What Metrics are Required
Whilst the kWh being consumed and the degree of carbon intensity may be two of the parameters that I have most focussed on there are likely to be a fairly large number of parameters or variables that will need to be quantified in order to fully assess the performance of the community smart grid. The following table lists some of the possible parameters that this might entail:
Based on what we have seen to date it would appear to me that the best time to be using electricity from the grid is when there are plenty of renewables being generated and when the overall grid CO2 intensity is low. In general terms this would be characterised by night-time periods when the wind is blowing at a reliable rate so that there are plenty of MWatts being generated from clean energy sources.
Having looked at the output from EmonCMS grid intensity and wind power over various time frames the following graphic attempts to describe when these conditions might be met.
The following graphic presents the available wind power and grid carbon intensity data over a 2 week period in December. The proposed (or possible metric) that might determine when the RED / AMBER / GREEN messages might be sent out to consumers is shown on the graphic.
The following graphic presents a possible schematic for the flow of data needed to assess / act on carbon intensity, on-site solar and wind power parameters at an individual household level. The schematic assumes that the RED / AMBER / GREEN decisions happen locally in the house, however, this could equally take place at a centralised Carbon Coop location.
The most recent development using the OpenEnergyMonitor is that it is now possible to calculate the CO2 generated by a household electricity consumption taking account of on-site solar PV and a share of national wind generation.
One important observation from this graphic is that the benefits of demand side response on a single household level may appear to be limited, ie the peaks in demand from certain appliances (washing machine, kettle etc) can be moved from one time of day to another but the peaks themselves will usually be far higher than the available pool of renewable energy.
However, this is where the “community smart grid” really comes in, ie the aggregated demand should be more easily made to match the larger pool of aggregated renewable energy shared by all the households across the smart gird.

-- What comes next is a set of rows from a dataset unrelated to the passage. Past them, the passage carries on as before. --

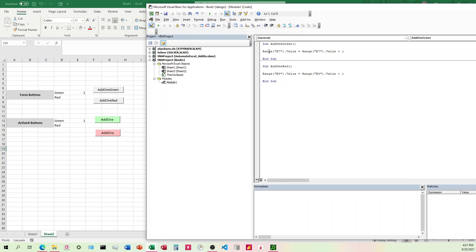And we're just saying the range of E7, so that means cell E7.value. So whatever the value is in that cell, when we click on it, we want it to return that same value except adding one. So this is going to add one with every click.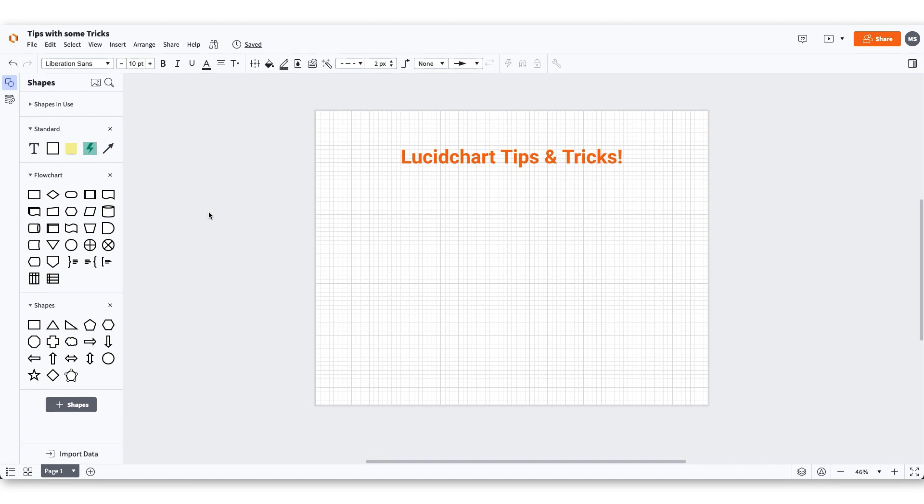Diagrams are great for visual communication, but sometimes building them can take longer than we want. Here are a few of our favorite tips and tricks that will help you create diagrams in Lucidchart faster. Green light, let's go!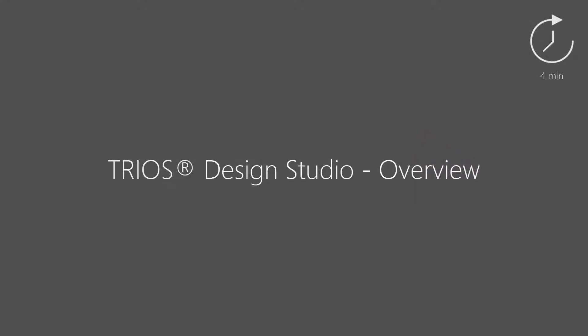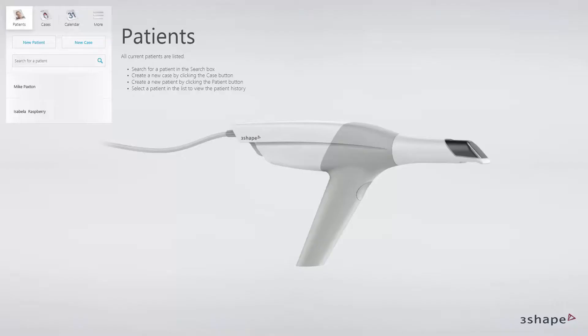In this video you will learn about TRIOS Design Studio workflow. The TRIOS Design Studio solution is a complete digital workflow with fully integrated CAD-CAM modules. This solution is dedicated to dental practices that would like to produce restorations like crowns, inlay-onlays, veneers and bridges in-house.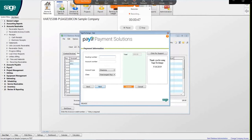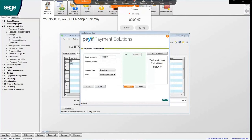On this screen is where you will enter the ACH information, including the routing number, the account number, and the account type. Once the information is correct, click Next.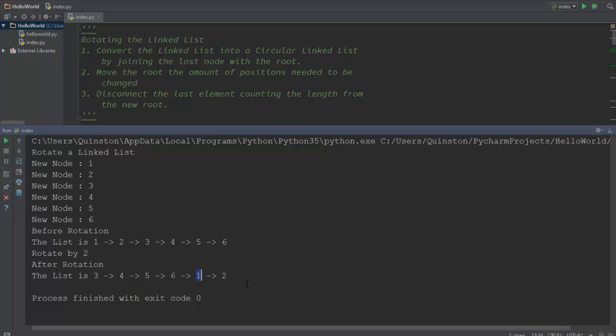Which means that after six we get to see one. Similarly, if you have the rotation set by five, you'll basically have the new root as one two three four and five six and the next element will be one two three four and five, and that will be it.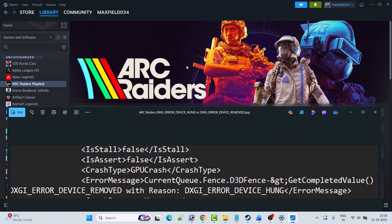So these are some fixes you can try to fix Arc Raiders DXGI Error Device Removed with reason DXGI Error Device Hung on PC. That's all for this video. If this video helped you, then please like and share this video, and also subscribe to my YouTube channel to get the latest updates. Thank you.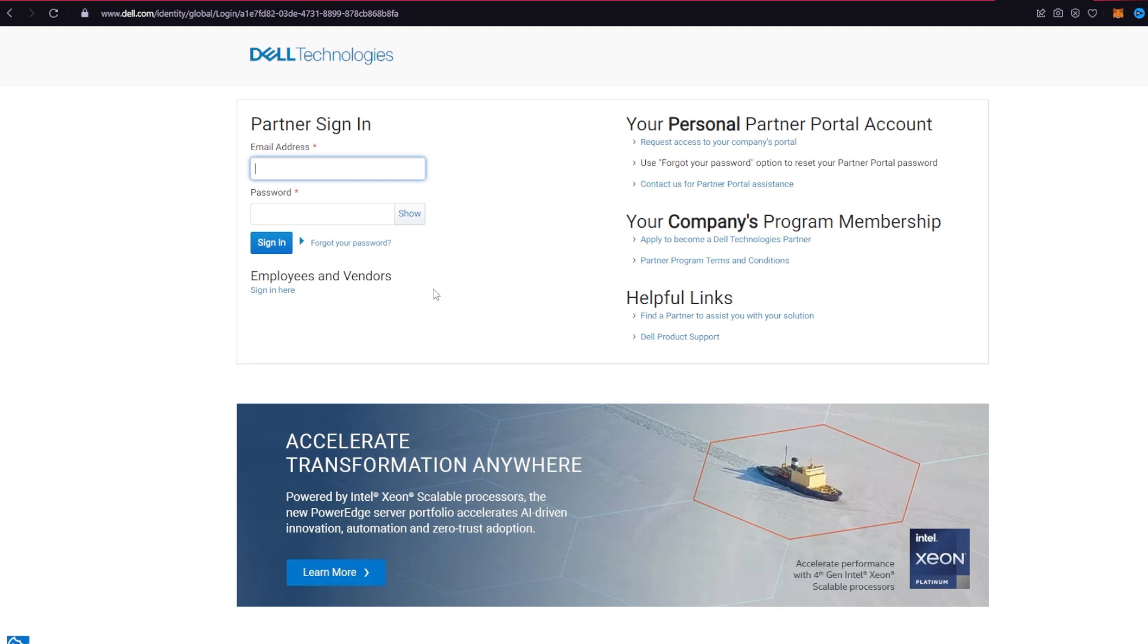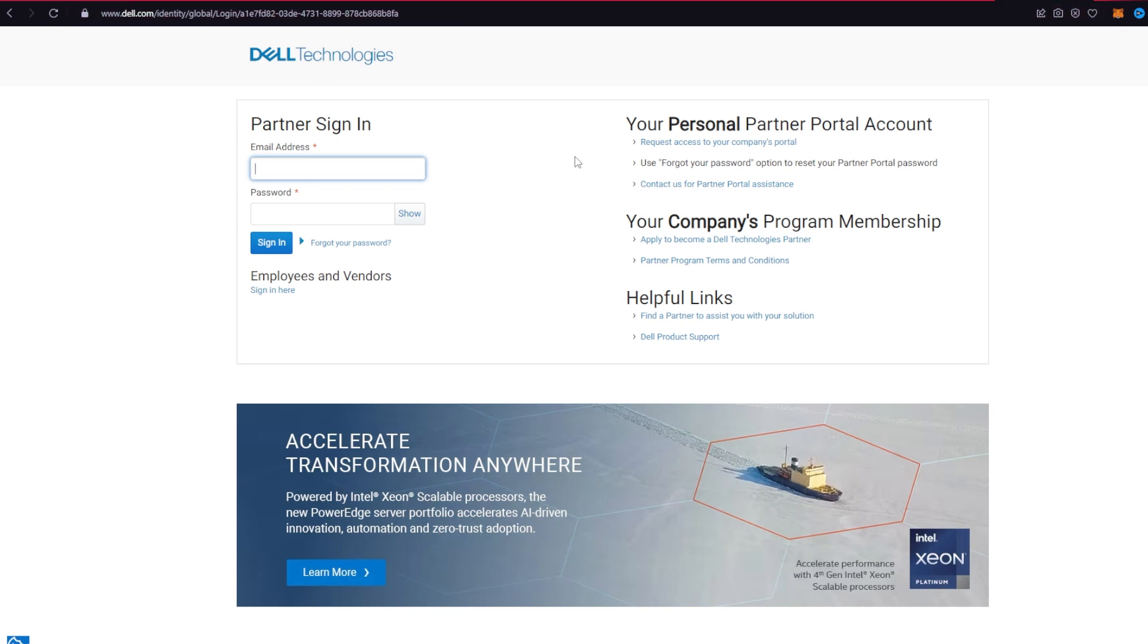First of all, open up a web browser of your choice and type in www.dell.com/identity/global/login and press enter on your keyboard. After that, type in your email address and your password into the login area.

The potential benefits of consumers acting together as a “community” will clearly be an important issue to assess for the Carbon Coop project.
Conclusion to Part 2 - where are we heading
The main conclusions to be drawn from part 2 of this blog are:
- Carbon intensity and size of the pool of available renewable energy are likely to be the main factors which determine the best time to use electricity from an environmental point of view.
- The spot price (if that can be established) will be the main parameter which determines the best time to use electricity from a financial point of view.
- Some sort of RED / AMBER / GREEN messaging system (with either centralised and/or distributed control) will be required in order to inform consumers when best to reduce electricity demand.
- Data will need to flow back to the aggregating system at CarbonCoop in order to assess whether demand side measures have taken place across the cohort of houses.
- Acting as a Community on a Smart Grid clearly has a lot of potential; let’s do it.